What’s more, is a new-found importance placed onto the unloved ‘description’ field. This seemingly superfluous field that you’ll find on fields, validation rules, custom report types (and much more), may seem like a chore to fill in even when it is for the benefit of your team/successors. Now, this field actually serves as context for Einstein Copilot Studio to generate a prompt (in Prompt Studio) that’s more aligned with what you need – you could say that the description field is giving you a solid head start!
When you’re ready to test, using clicks in Prompt Builder, you can pull in instructions. While it looks like code (because it is JSON), this is only just the context that’s been embedded in the prompt you’ve instructed.
Having done some considered tweaking with Prompt Builder, the output generated is better, i.e. pulling in more context from our organization’s data.
Skills Builder
As we have seen, a user may ask Einstein Copilot a question, and not receive a quality answer (if any answer, at all). If the user is entitled to access that information, then they should be granted access.
Should is the keyword here. You would only grant the power of generative AI to the users who are using the Salesforce platform (and any trusted, integrated platforms) for defined use cases.
When the should is a definite yes, then you can grant access to generative AI (on the Salesforce platform) via ‘skills’. For example, this enables you to say: for process A, user X should have N generative AI capabilities, whereas user Y shouldn’t have the same outcome.
You can enable checklists for users – like recommended actions that could take the form of multi-step action plans.
However, if a user asks Einstein an additional question, in some instances, it could appear that Einstein doesn’t have the skill to answer that question. For organizations, being able to extend the ‘Copilot’ functionality can be important. This extension is bolting on custom skills via Copilot.
‘Skills’ is a concept that, personally, I found tricky to grasp. In simple terms, it involves an admin/other similar professional, embedding a ‘skill’ into a Salesforce Flow.
Model Builder
Finally, an additional part of the Einstein Copilot Studio is the Model Builder. This provides customers with the flexibility to select their own AI models.
This includes the ability to select one of Salesforce’s proprietary large language models (which Salesforce have been training for years), or one of their preferred partners, including Anthropic, Cohere, Databricks, Google Cloud’s Vertex IX, or OpenAI.

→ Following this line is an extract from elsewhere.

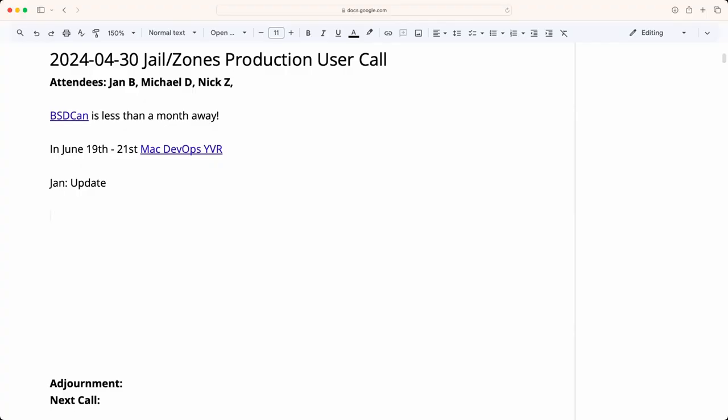Hello, this is the April 30th Jail and Zones Production User Call. We have Jan, Nick, and myself Michael so far. BSDCan is less than a month away. There's still time to register and attend. Airfare to Canada is probably the biggest challenge. They're mighty expensive these days unlike the good old days.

Additionally, Salesforce announced that they have partnered with AWS to allow you to bring your own data models to the Salesforce platform. This includes “Bring Your Own Lake” model or “Bring your own large language model” using Amazon Bedrock.
This is all entirely supported using the Einstein Trust Layer, ensuring that sensitive and proprietary company data is masked, and therefore, unable to actively train LLMs.
Summary
We’re living in a historical moment right now for AI – we’ll remember this day years from now.
No surprises that the key piece of news from Salesforce’s flagship conference, Dreamforce, is centered on AI and Data Cloud coming together. The tagline for the keynote, hosted by Founder, Chairman, and CEO, Marc Benioff, titled: “Now everyone is an Einstein – Data + AI + CRM + Trust”.
Salesforce’s flagship conference, Dreamforce, is taking place this week (September 12th-14th, 2023). This year, it comes with impressive statistics, being the largest AI event in the world, with 1500+ sessions, 40,000 attending in-person, and millions of viewers online.